アロンソは残り50マイル届かずエンジントラブルでリタイア 【LAT】

 なおも仕掛ける。今度は抜いた。最後のステージに残るメンバーは二人のほか数人だけに絞りこまれた。そして168周目、最後のピットストップ(通常30〜33周スティント)。ここから500マイルレース舞台の「おおとり」スプリント競演スタート。

 アロンソがベテランのトニー・カナーンをアウトからパス、彼の得意技をやってみせたルーキーに観客がどよめく。その直後だ。先頭集団7番手にいた彼のエンジン音が4コーナーで一瞬“悲鳴”に変わった。すぐ左側にスローダウン、レーシングラインを自ら外し安全地帯を選んで止めた。潔いF1チャンピオンの振る舞いに見とれる大観衆……。

 アロンソはレース後に「あの(カナーンをパスする)前からエンジンの感触に変化を感じていた」と語った。チームメートに比べ決勝日わずかにレスダウンフォース設定にしたアロンソは、最終局面で直線スピードに賭けていた(と思う)。そこに加わるまで彼のホンダエンジンはもたなかった。あと50マイル、でもまだ佐藤がいる。

 立ちふさがるマックス・チルトン、カストロネベスをかわした佐藤は最速ラップ39秒7896(226.190MPH)を記録。シボレーの強豪カストロネベスを0.2011秒差に従え、栄光への500マイルを堂々と勝ち抜く。スペイン人より先に、日本人の佐藤が初めて覇者となった第101回インディ500、これで2年連続F1ドライバーが制した。
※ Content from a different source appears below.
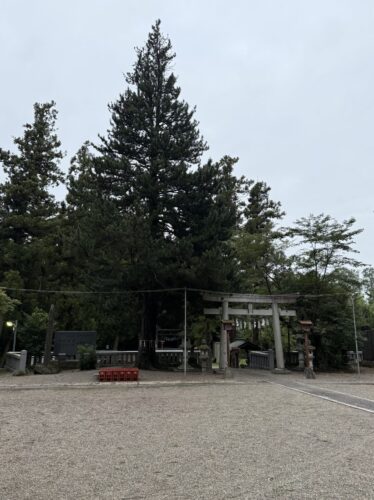 大木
 こうした「国際モータースポーツ・交流レース」がいまこそ望まれるのではないか。アロンソのインディ冒険に、先駆者としての気概を感じた。付け加えるなら60年までのように、インディ500をF1シリーズ戦に含めたらどうか。他に誰も出なくても、レーサーたるアロンソは第102回にもきっと行く気だろう。